Requires-Dist: pre-commit; extra == "dev"
Dynamic: license-file

# Probes

A lightweight, modular library for training linear probes and steering vectors on neural network activations.

## Installation

`probekit` is not a minimal dependency package.
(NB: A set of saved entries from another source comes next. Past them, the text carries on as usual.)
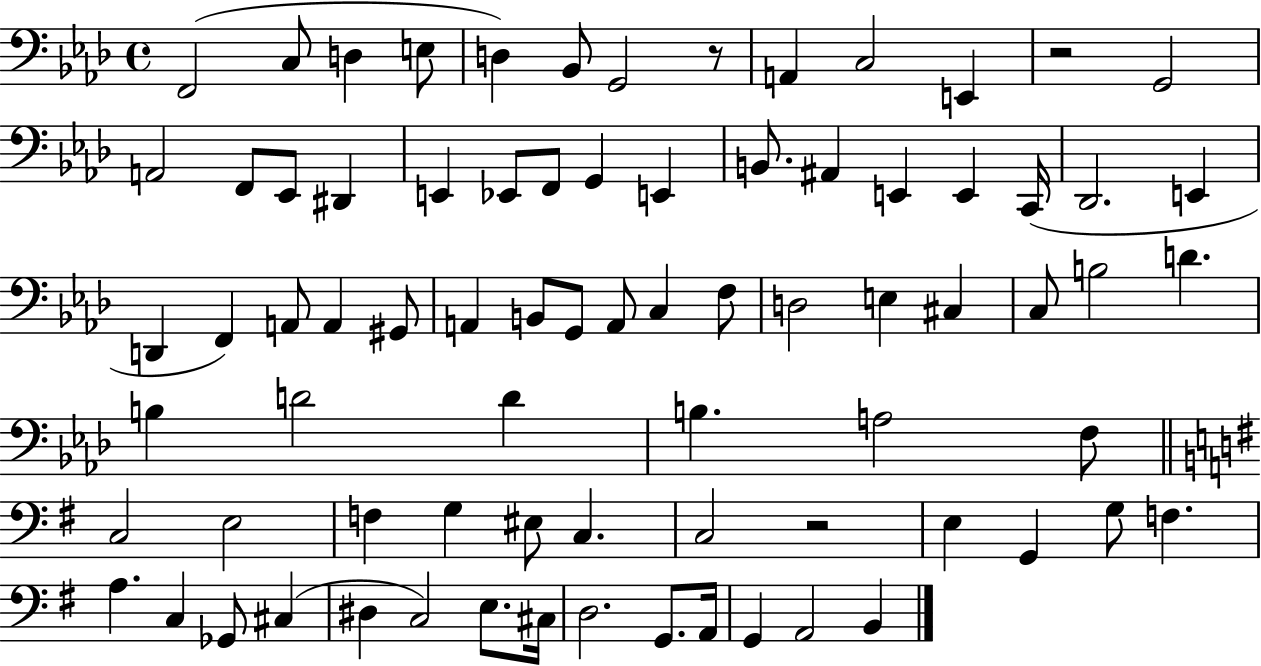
{
  \clef bass
  \time 4/4
  \defaultTimeSignature
  \key aes \major
  f,2( c8 d4 e8 | d4) bes,8 g,2 r8 | a,4 c2 e,4 | r2 g,2 | \break a,2 f,8 ees,8 dis,4 | e,4 ees,8 f,8 g,4 e,4 | b,8. ais,4 e,4 e,4 c,16( | des,2. e,4 | \break d,4 f,4) a,8 a,4 gis,8 | a,4 b,8 g,8 a,8 c4 f8 | d2 e4 cis4 | c8 b2 d'4. | \break b4 d'2 d'4 | b4. a2 f8 | \bar "||" \break \key e \minor c2 e2 | f4 g4 eis8 c4. | c2 r2 | e4 g,4 g8 f4. | \break a4. c4 ges,8 cis4( | dis4 c2) e8. cis16 | d2. g,8. a,16 | g,4 a,2 b,4 | \break \bar "|."
}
It pulls in heavy ML dependencies, including `torch`, `scikit-learn`, and `sae-lens`.
Install it in an environment where large binary wheels and ML runtime deps are expected.

```bash
# PyPI install
pip install probekit

# Local editable install (from a cloned repo)
pip install -e .
```

## Core Design (V2)

This library separates **Semantics** (the probe model) from **Fitting** (how it's learned).
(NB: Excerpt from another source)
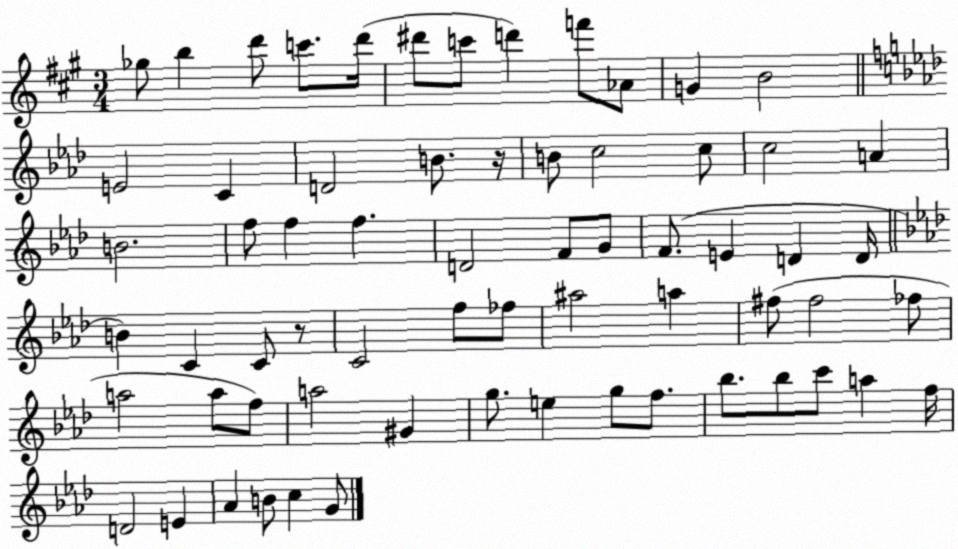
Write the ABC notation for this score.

### 1. The Models: `LinearProbe` and `ProbeCollection`
- **`LinearProbe`** (`probekit.core.probe`): A container for a single probe (+ normalization stats).
- **`ProbeCollection`** (`probekit.core.collection`): A container for a **batch** of probes.
    - `to_tensor()`: Stacks weights into `[B, D]` and biases into `[B]`.
    - `best_layer(metric)`: Finds the probe with the best validation accuracy.

### 2. The Fitters
Functional solvers in `probekit.fitters` take training data and return a `LinearProbe` (or `ProbeCollection`).
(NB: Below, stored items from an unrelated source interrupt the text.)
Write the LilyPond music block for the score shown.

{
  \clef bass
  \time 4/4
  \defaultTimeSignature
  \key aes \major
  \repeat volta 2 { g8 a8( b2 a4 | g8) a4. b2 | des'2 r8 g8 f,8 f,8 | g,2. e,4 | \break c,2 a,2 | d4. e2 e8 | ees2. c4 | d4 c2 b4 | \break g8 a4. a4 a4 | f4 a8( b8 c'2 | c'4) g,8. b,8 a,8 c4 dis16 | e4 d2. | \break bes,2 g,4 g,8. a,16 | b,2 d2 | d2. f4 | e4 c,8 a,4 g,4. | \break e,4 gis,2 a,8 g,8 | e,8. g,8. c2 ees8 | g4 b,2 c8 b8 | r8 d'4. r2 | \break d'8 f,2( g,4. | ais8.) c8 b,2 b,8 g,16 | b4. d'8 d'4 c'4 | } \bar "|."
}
- `fit_logistic`: Standard L2-regularized Logistic Regression.
- `fit_elastic_net`: ElasticNet (L1 + L2), useful for sparse features (SAEs, Neurons).
- `fit_dim`: Difference-in-Means (Class 1 Mean - Class 0 Mean).

Method choice: use `fit_dim` for strictly linear, overfitting-resistant separation and use `fit_logistic` for standard L2-regularized classification.

#### Batched GPU Fitters
Optimized PyTorch implementations in `probekit.fitters.batch` handle 3D inputs `[B, N, D]` efficiently on GPU:
- `fit_logistic_batch`: Batched IRLS/Newton solver with auto-switch between dense Newton and memory-safe Newton-CG.
- `fit_dim_batch`: Vectorized DiM with median thresholding.
- `fit_elastic_net_path`: Efficiently fits a regularization path (multiple alphas) using warm-starting.

## Quick Start

The high-level API supports explicit backend control (`backend="torch"` / `backend="sklearn"`),
and in `backend="auto"` mode it prefers torch when inputs are already torch tensors.

```python
from probekit import sae_probe, dim_probe

# 1. Single Probe (X: [N, D], y: [N])
probe = sae_probe(X_2d, y_1d)

# 2. Batched Probes (X: [B, N, D], y: [B, N] or [N])
# Uses torch batch fitters and returns a ProbeCollection
probes = sae_probe(X_3d, y)
weights, biases = probes.to_tensor() # [B, D], [B]

# 3. Inference with a trained single probe
scores = probe.predict_score(X_2d)          # raw margins/logits
pred = probe.predict(X_2d, threshold=0.0)   # binary predictions

# 4. Inference with a trained probe collection
batch_scores = probes.predict_score(X_3d)         # [B, N]
batch_pred = probes.predict(X_3d, threshold=0.0)  # [B, N]

# 5. Force backend explicitly
probe_torch = sae_probe(X_2d_torch, y_1d_torch, backend="torch")
probe_cpu = sae_probe(X_3d_numpy, y_2d_numpy, backend="sklearn")
```

## Copyable Skill Snippet

```md
# Probekit Quick Skill

Goal: Train and run linear probes on activations.

## Core Imports
from probekit import sae_probe, logistic_probe, dim_probe

## Train
# x: [N, D], y: [N]
probe = sae_probe(x, y)

## Inference
scores = probe.predict_score(x)
pred = probe.predict(x, threshold=0.0)

## Batched Training
# xb: [B, N, D], yb: [B, N] or broadcast-compatible
probes = sae_probe(xb, yb)
weights, biases = probes.to_tensor()
batch_scores = probes.predict_score(xb)
batch_pred = probes.predict(xb, threshold=0.0)

## Method choice
# Use dim_probe(...) for strictly linear, overfitting-resistant separation.
# Use logistic_probe(...) for standard L2-regularized classification.
```

## Steering Vectors

You can build steering vectors for individual probes or entire collections:

```python
from probekit import build_steering_vector, build_steering_vectors

# Single
vec = build_steering_vector(probe, sae_model, layer=10)

# Batched (Maps layers to probes)
vecs = build_steering_vectors(probe_collection, sae_model, layers=[8, 9, 10])
```

## Structure

- `probekit/core/`: `LinearProbe` and `ProbeCollection` definitions.
- `probekit/fitters/`:
    - `logistic.py`, `elastic.py`, `dim.py`: Single-probe (CPU/sklearn) fitters.
    - `batch/`: Optimized GPU-batched fitters (IRLS, ISTA, DiM).
- `probekit/api.py`: High-level aliases and dimension routing.
- `probekit/steering/`: Tools for building steering vectors.